━━━━━ Available records ━━━━━

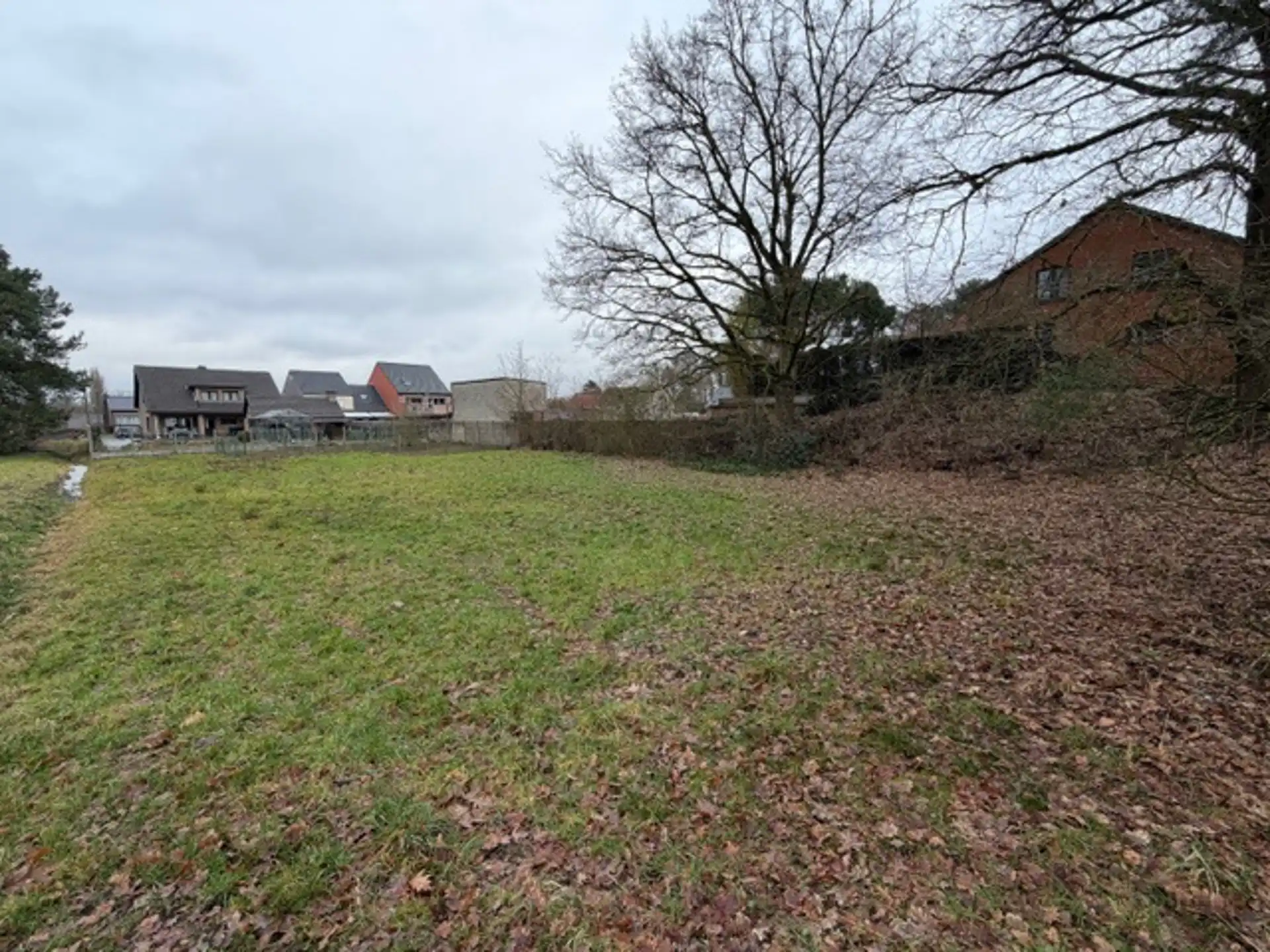 Bouwgrond voor open bebouwing in een doodlopende straat foto {{pictureIndex}}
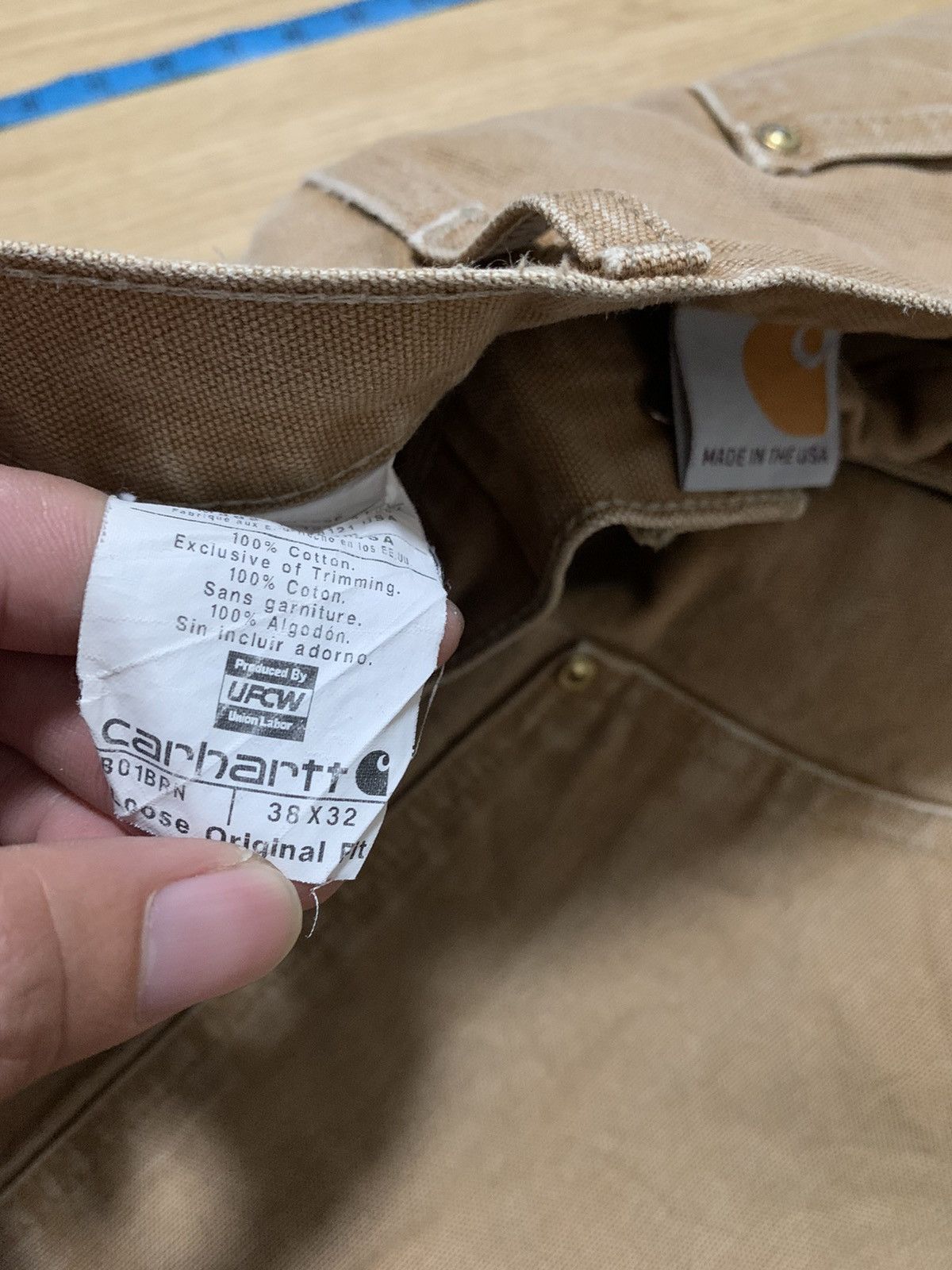 Carhartt Carhartt Double Knee Distressed Size US 36 / EU 52 - 9 Thumbnail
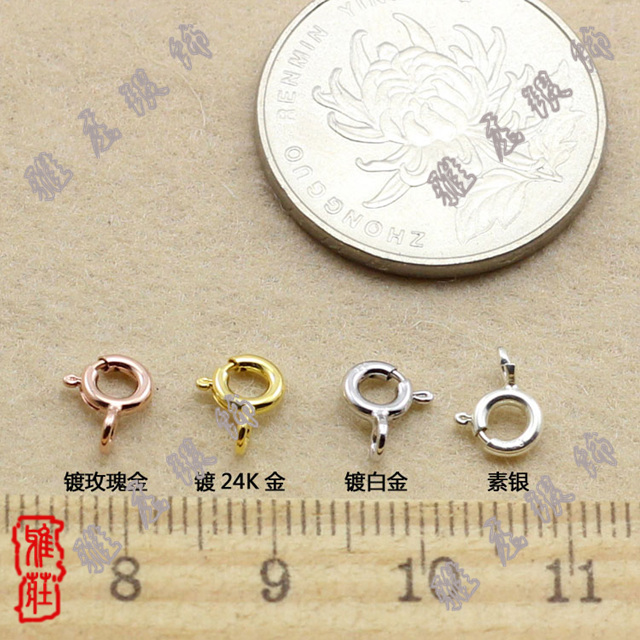 雅莊925純銀DIY配件 項鏈 手鏈連接 5MM厚彈簧扣10個在類目 飾品/流行首飾/時尚飾品新, DIY配件, 扣中 - 來自Buy2taobao.com提供專業的淘寶代購服務
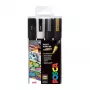 Uni-Ball Faber-Castell POSCA PC-5M sada metalických akrylových fixiek, 4 farby, stredný guľatý hrot 1,8-2,5 mm 182544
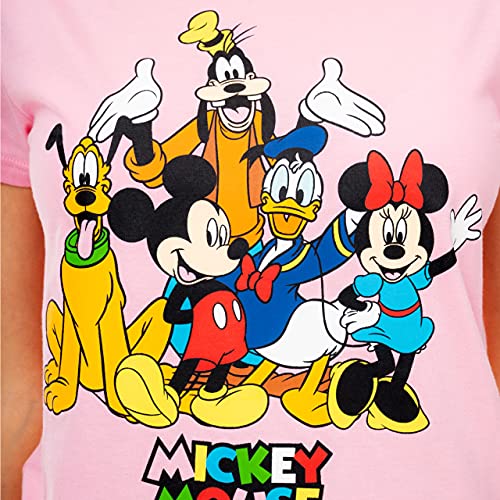Disney Pijama para Mujer Mickey Mouse Minnie Mouse y y Amigos Rosa Large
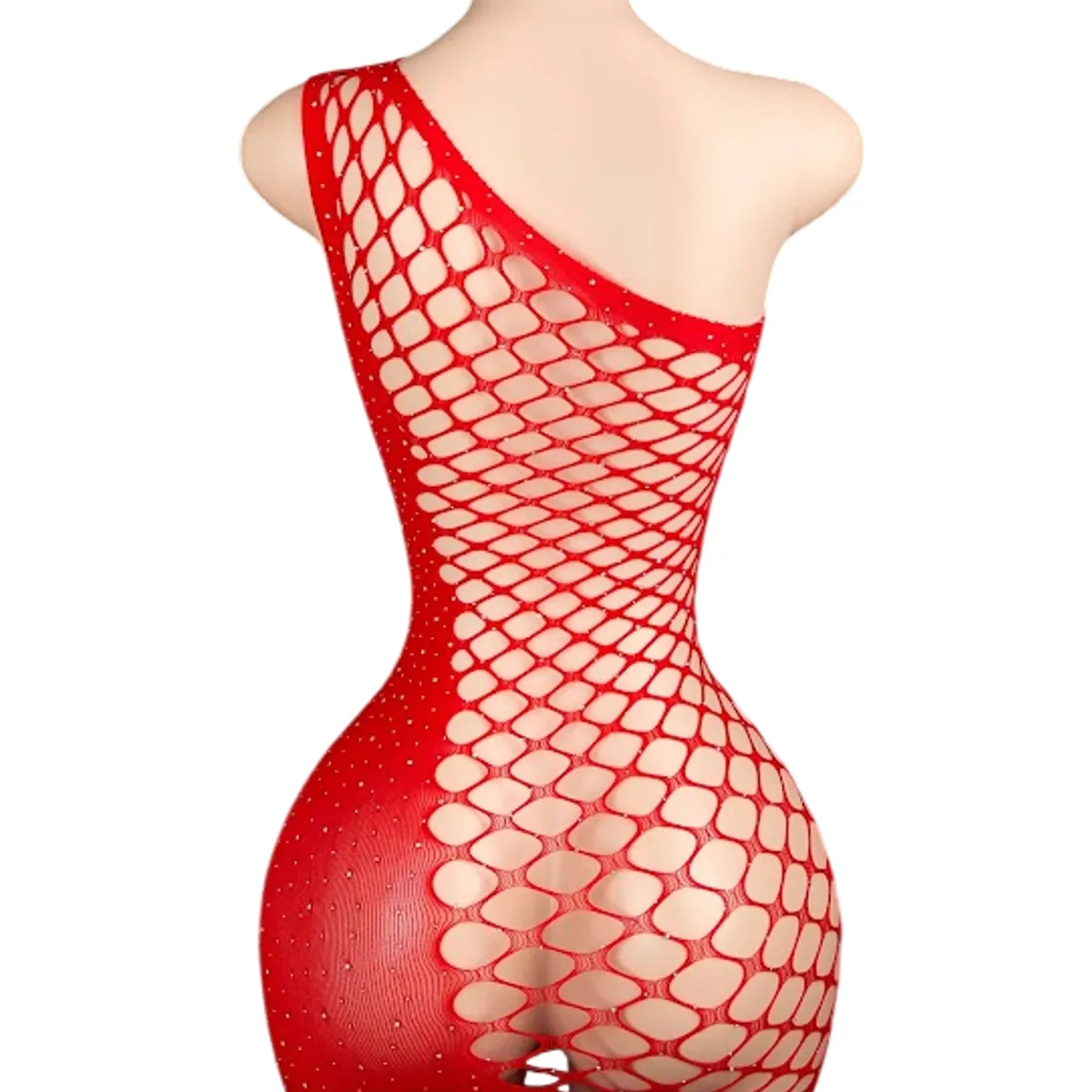 GENERICO - LENCERIA MALLA VESTIDO CORPORAL CATSUIT BRILLOS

━━━━━

- [Exercise goal]:
The answer must be an exact copy of the records, with no pictures in it.

- [Solution to this task]:
 Bouwgrond voor open bebouwing in een doodlopende straat foto {{pictureIndex}}
 Carhartt Carhartt Double Knee Distressed Size US 36 / EU 52 - 9 Thumbnail
 雅莊925純銀DIY配件 項鏈 手鏈連接 5MM厚彈簧扣10個在類目 飾品/流行首飾/時尚飾品新, DIY配件, 扣中 - 來自Buy2taobao.com提供專業的淘寶代購服務
 Uni-Ball Faber-Castell POSCA PC-5M sada metalických akrylových fixiek, 4 farby, stredný guľatý hrot 1,8-2,5 mm 182544
Disney Pijama para Mujer Mickey Mouse Minnie Mouse y y Amigos Rosa Large
 GENERICO - LENCERIA MALLA VESTIDO CORPORAL CATSUIT BRILLOS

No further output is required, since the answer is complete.